You might think contesting the gruelling 15,000km Peking to Paris endurance rally in a 1939 Bentley 4¼ Litre saloon a bit crazy but, with strict eligibility criteria, it’s actually the ideal car for the job. Well, with several modifications, that is. For the 2013 rally, guard shields were added underneath this car to protect the fuel tank and the drivetrain, and the engine, electrical systems, brakes and suspension were all overhauled to make the car as robust and reliable as possible. Suffice to say, the car made it to the finish in Paris. Bravo. Another surprising entry into the Peking to Paris was the Aston Martin DB5, prepared in the mid-90s by specialist R.S. Williams. Modifications included full suspension and brake upgrades, three spare tyres and an internal safe. It entered twice, in 1997 and 2010, impressively finishing both times.
Another car unlikely to receive any authorised factory support was this Rolls-Royce Corniche, though that’s probably more to do with the fact it wasn’t strictly a Rolls. Entered into the 1981 Paris Dakar rally as the result of a drunken dinner bet, this Corniche was Chevy V8-powered, sat on Toyota Land Cruiser axles and weighed 1400kg, considerably lighter than the road car thanks in part to its polyester body and tubular chassis. With Christian Dior’s latest fragrance adorning the bodywork, the car affectionately became known as ‘Jules’.

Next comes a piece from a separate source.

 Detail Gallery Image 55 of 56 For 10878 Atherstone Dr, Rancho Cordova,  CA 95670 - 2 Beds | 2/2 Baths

Dior had clearly caught the rallying bug in 1981, as evident in perhaps the most bizarre creation ever to grace the Paris Dakar, the Jules Proto 6x4 Dakar Racer of 1984. It was just as radical mechanically as it was cosmetically, too, boasting a spaceframe, Kevlar-clad chassis, four wheel-drive (the rearmost axle was not powered) and a mid-mounted Chevrolet V8 mated to a Porsche 935 gearbox. Apparently the chassis snapped. Looking at it, we can hardly say we’re surprised.

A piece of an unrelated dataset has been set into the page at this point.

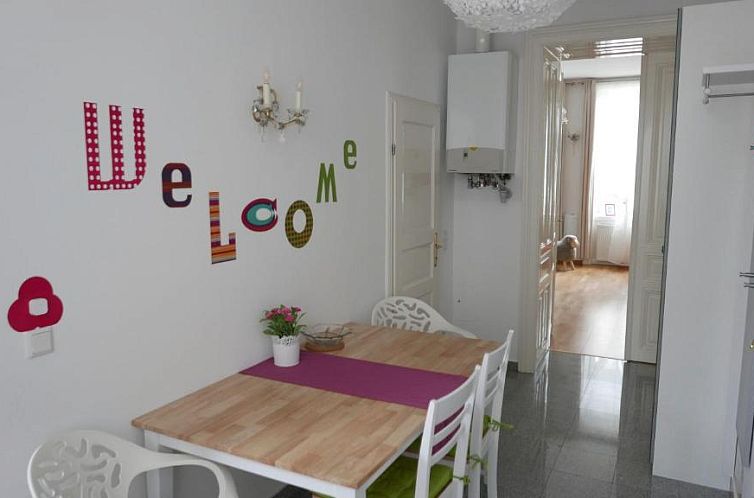 govienna - City Center Apartments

Speaking of six-wheeled contraptions, Frenchman Christian de Leotard used the 1980s Paris-Dakar rallies as a proving ground for his six-wheeled creations, which included wacky interpretations of the Mercedes-Benz G-Wagon, Range Rover, Renault 5 Turbo and Peugeot P4.
'Quick Vic's' vision
Although the Porsche 911 is now almost as well regarded as a rally car as it is a road-racer (think Rothmans-liveried 953), if it hadn’t been for Vic Elford, that might not be the case. The British racer was adamant that the original rear-engined coupé would be competitive, so single-handedly took a loaned 911 on the 1966 Tour of Corsica and finished an impressive third. This was enough for Porsche to take note and launch a full Works offensive the following year, so beginning the 911’s illustrious rally competition history.
Shorty on a long haul
Owing to its advanced hydropneumatic suspension, the Citroën DS was widely used as a tool for rallying. More interesting was the 1969 ‘shorty’ version. Campaigned in the notoriously difficult Rallye du Maroc (where it duly won), the car essentially looked as though it had been chopped in half.